[Cache from http://sunsite.berkeley.edu/MOA2/papers/dtdtutorial2.htm; please use this canonical URL/source if possible.]
An MOA2 digital object consists of four major sections:
The examples in this tutorial are taken from a simplified
version of the of MOA II encoding of the Breen Diary (from the collection
of The Bancroft Library). This simplified Breen diary consists
of two pages of the diary proper; followed by a two page letter that has
been inserted at the end of the diary. You may view the entire XML
source for the sample document. Each section below is also directly
linked to the pertinent section of the source XML file. You can also
activate
the sample document in the MOA2 Viewer.
External Descriptive Metadata: Descriptive Metadata Reference. A descriptive metadata reference element (<DMDRef>) simply provides the URI for an external source of descriptive metadata. For example, the descriptive metadata reference below points to an external finding aid:
<DescMD>
<DMDRef LOCTYPE='URL' DMDTYPE='FINDAID'>http://sunsite2.berkeley.edu/cgi-bin/oac/calher/breen
</DMDRef>
</DescMD>
This <DMDRef> contains two attributes. The LOCTYPE specifies the type of URI being provided (PURL, HANDLE, DOI and PDI would be other options). The DMDTYPE identifies the type of descriptive metadata being referred to: MARC record, FINDAID, RDF, PICS or OTHER. Additional supported attributes provide for specifying the MIMETYPE of the external descriptive metadata, and a LABEL that can be used to identify the available descriptive metadata to the user.
Click here to view the entire descriptive metadata section of the simplified encoding for the Breen Diary.

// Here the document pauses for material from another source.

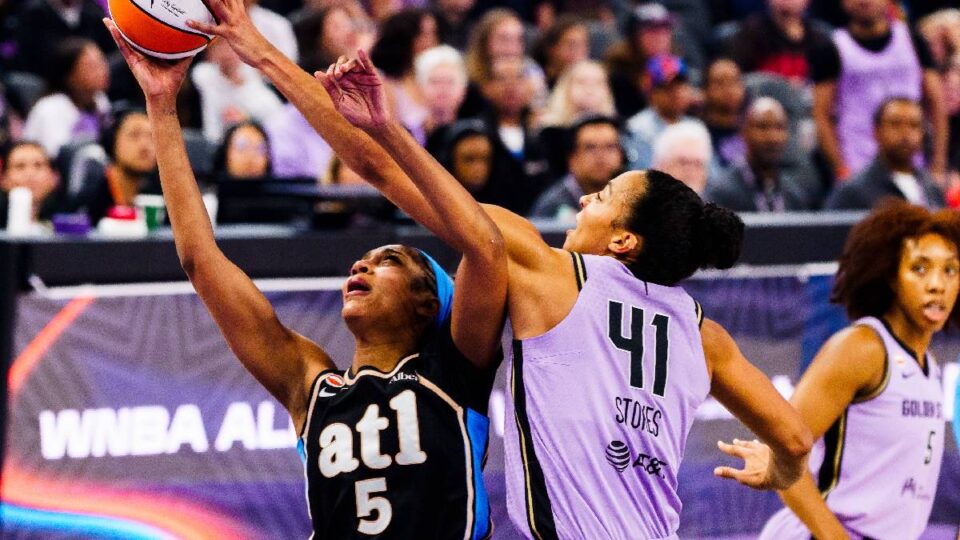 Golden State Valkyries Kiah Stokes Kayla Thornton WNBA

Embedded Descriptive Metadata. Embedded descriptive metadata appearing under a <DMD> element can either use generic descriptive metadata elements defined in the DTD, or another user-defined text format (e.g., MARC, Dublin Core) enclosed in a wrapper. The generic descriptive metadata elements provided for by the DTD are grouped under a <GDM> element. These are closely related to the descriptive metadata fields supported by GenDB, a database designed and used at UC Berkeley to gather the metadata needed to construct both EAD and MOA2 objects. (If GenDB is used, a program will automatically created the MOA2 XML objects from the database). The core descriptive metadata elements include title, date, caption, dimensions, and material origin. In addition to the core descriptive metadata elements, the following elements are supported: administrative information, alternate date, content, creator, general notes, physical description, related materials, subobject source, and subject.

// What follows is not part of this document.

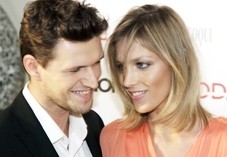 Anja Rubik ze swoim facetem!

Note that a <GDM> element includes an ID attribute.
This attribute provides a unique, internal name for each GDM element which
can be used in the StructMap to link a particular division of the document
hierarchy to a particular GDM element This allows specific sections of
descriptive metadata to be linked to specific parts of the digital object.
In other words, a <GDM> element may pertain to the entire digital object
described by an MOA2.xml file or just a portion of it. For example,
in the case of the Breen Diary it would be possible to set up one <GDM>
element that pertained to the Breen Diary as a whole, and a second <GDM>
element that just pertained to the letter appended to the end of the Diary.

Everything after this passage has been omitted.